Jesus em todos os contextos conserva sua transcendência e liberdade; Jesus tem postura e palavras irrevogáveis: não volta atrás; adota uma linguagem acessível, compreensível; adapta-se com facilidade aos contextos das pessoas, sem mascarar a verdade; acredita e sempre incentiva à superação, estimula processos de mudança, desafia. Dependendo das circunstâncias, palavras e atitudes de Jesus, os apóstolos reagem: criticam, murmuram, questionam, comentam, se calam, se assustam, obedecem, acolhem, escutam, não compreendem, se alegram, se entusiasmam, se admiram, se entristecem, refletem, acreditam… No processo de acompanhamento de qualquer pessoa pode acontecer tudo isso.
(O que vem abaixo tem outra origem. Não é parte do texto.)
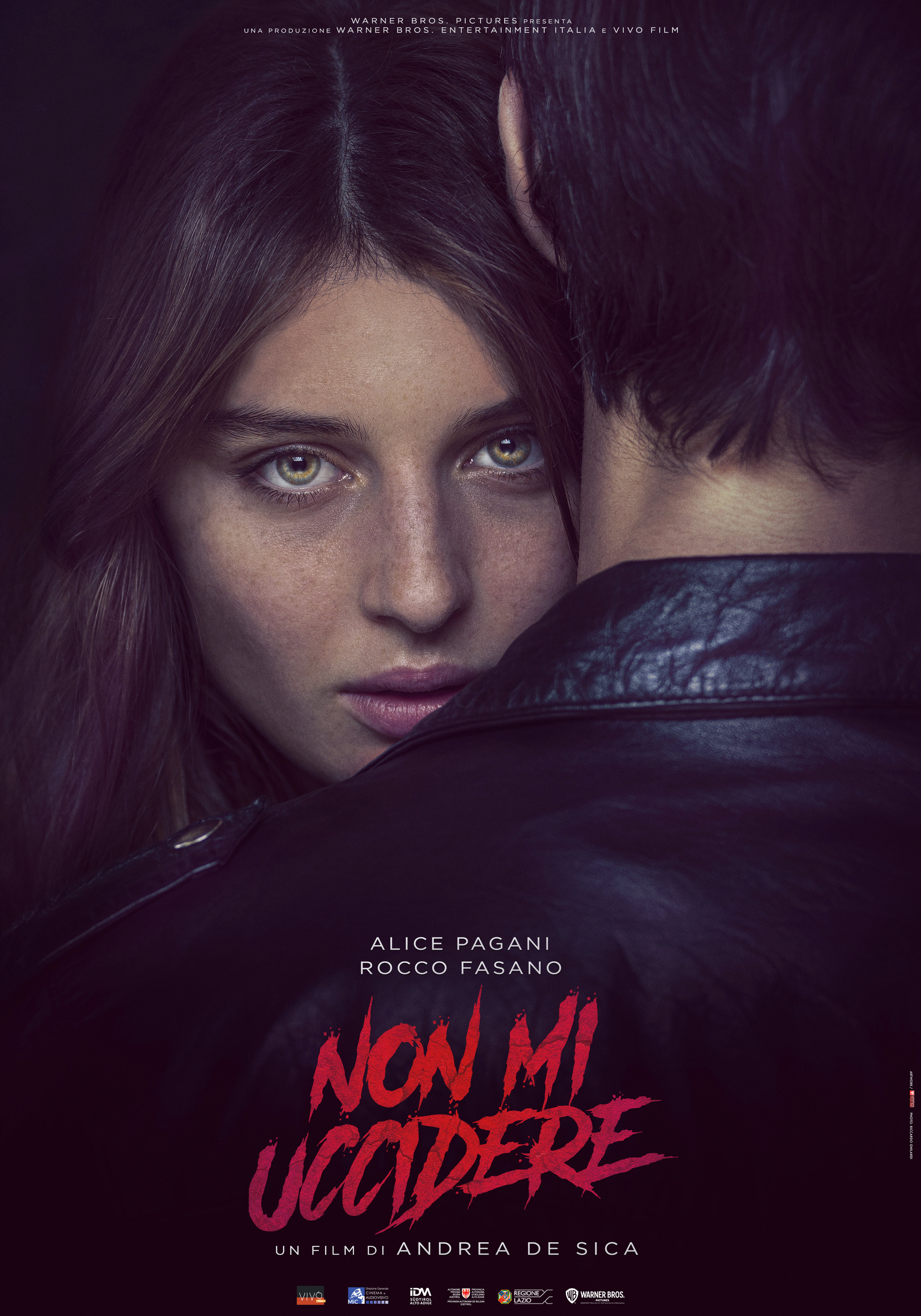 Mega Sized Movie Poster Image for Non mi uccidere (#4 of 4)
3 – Condições para o acompanhamento
A experiência de ser acompanhado não é gratuita; requer atitudes específicas que comprometem a pessoa com determinadas atitudes. Vejamos algumas:
a) Vontade pessoal: ninguém deve ser forçado ao acompanhamento, caso contrário, orientações e conselhos perdem a força; por sua natureza tanto o acompanhamento, quanto o aconselhamento espiritual exigem a participação da liberdade da pessoa.
b) Abertura: querer ser acompanhado é consequência do reconhecimento de uma necessidade pessoal. Quem não se sente carente, não busca a plenitude e se acomoda, se fecha. Não existe acompanhamento onde há blindagem pessoal. O acompanhamento espiritual requer comunicação, confidência, abertura do coração. Sem essa experiência, nada acontece! Todavia, a abertura do coração acontece mediante um processo!
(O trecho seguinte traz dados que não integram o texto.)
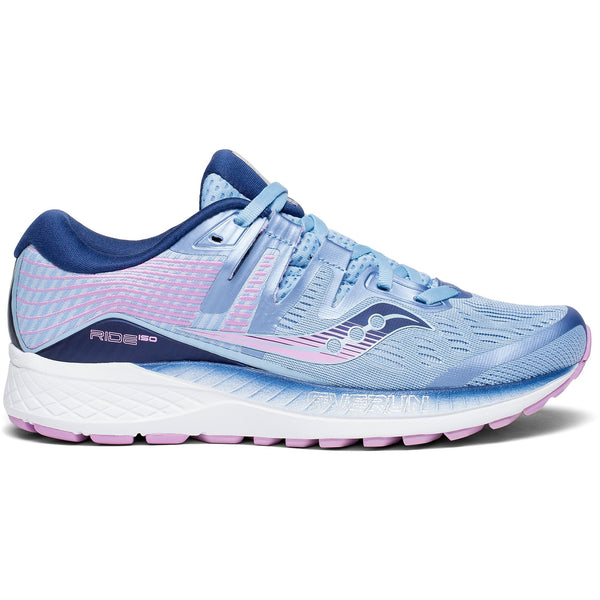 [S10445-1] Womens Saucony Ride Iso (Wide Width)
c) Confiança: a confiança é a condição básica para que aconteça abertura do coração e sejam partilhados os sentimentos, pensamentos, experiências de vida, preocupações de cada dia, perspectivas de futuro… A confiança é chave que abre a porta do coração! Nada se impõe e o que não é gratuito, violenta! Confissão forjada é crime de tortura psicológica!
d) Disponibilidade: o acompanhamento é uma experiência, não é um fato isolado… isso exige de ambas as partes a disponibilidade para o encontro sistemático e com tempo livre de outras preocupações; não se estipula tempo para cada encontro! Mas também é preciso bom senso na gestão do tempo e dos assuntos a serem tratados.
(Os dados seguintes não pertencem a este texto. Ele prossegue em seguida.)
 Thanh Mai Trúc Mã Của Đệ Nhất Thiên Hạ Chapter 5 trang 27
e) Docilidade: a docilidade é a disponibilidade interior para acolher as orientações, fazê-las suas, refleti-las, aprofundá-las, exercitar-se, deixar-se trabalhar; quando não há docilidade (flexibilidade, senso de humildade) impera o subjetivismo pessoal e nada muda. A docilidade conduz à experiência do protagonismo pessoal no processo de acompanhamento, de crescimento pessoal; isso significa senso de correspondência e comprometimento para possível mudança de visão de mundo e atitudes.
f) Reta intenção: tanto para o acompanhante quanto para o acompanhado se exige reta intenção, transparência, motivações autênticas, fronteiras a serem respeitadas.
g) Projeto de vida: todo o processo de acompanhamento espiritual deve estar a serviço do projeto de vida da pessoa acompanhada, ou do projeto de vida a ser discernido, ou já assumido definitivamente.
PARA A REFLEXÃO PESSOAL:
1 – Qual das atitudes de Jesus mais lhe chamou a atenção?
2 – Qual é a relação entre acompanhamento e situação existencial do acompanhado?
3 – Por que há condições para o acompanhamento?